Freilich sorgen die Beschwerde des Herzogspaars über unfaire Behandlung, Meghans Opfererzählung und der maßlos vermarktete Auftritt bei einer geneigten Journalistin, dessen Verkaufswert sich aus der Veröffentlichung privater Zwistigkeiten mit dem Königshaus speist, nicht nur bei der Queen für Ärger. Im Februar hatte sie dem Bestreben Harrys und Meghans, auf eigene Rechnung zu wirtschaften und dabei zugleich royale Familienbande zu vermarkten, Einhalt geboten. Elisabeth II. untersagte den beiden die Verwendung des Begriffs „Sussex Royal“, mit dem sie sich im Internet aufstellten und den sie als Markenzeichen registrieren lassen wollten.

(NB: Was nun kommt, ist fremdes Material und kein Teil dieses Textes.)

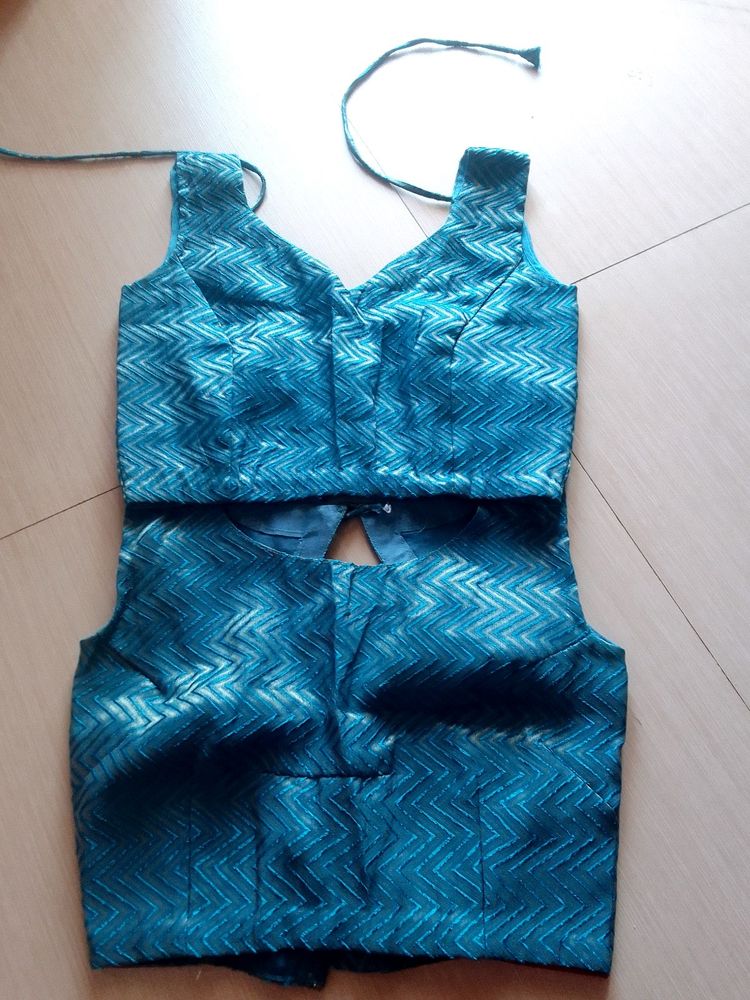 Sleeveless Blouse Set Of 2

In Großbritannien kam auch nicht gut an, dass Harry einen Auftritt bei den von ihm selbst gegründeten Invictus Games für kriegsversehrte Soldaten absagte. Die Veranstaltung überträgt Amazon. Meghan und Harry aber haben einen Exklusivvertrag als Produzenten mit dem Konkurrenten Netflix über angeblich 150 Millionen Dollar abgeschlossen und podcasten inzwischen überdies auf Spotify.

Die neuesten Schlagzeilen der britischen Presse über Meghan Markle handeln davon, dass sie Ende Oktober und im November 2018 bei offiziellen Terminen Diamant-Ohrringe trug, die ein Geschenk des saudischen Kronprinzen Mohammed Bin Salman waren und deren Wert auf 500.000 Pfund geschätzt wird. Bin Salman gilt als Auftraggeber der Tötung des Journalisten Jamal Khashoggi, der am 13. Oktober 2018 im saudischen Konsulat in Instanbul emordet wurde. Die Vermutung, dass Bin Salman dahinter stecke, wurde schon wenige Tage nach Khashoggis Verschwinden laut. Bin Salman und die saudische Regierung bestreiten eine Verstrickung.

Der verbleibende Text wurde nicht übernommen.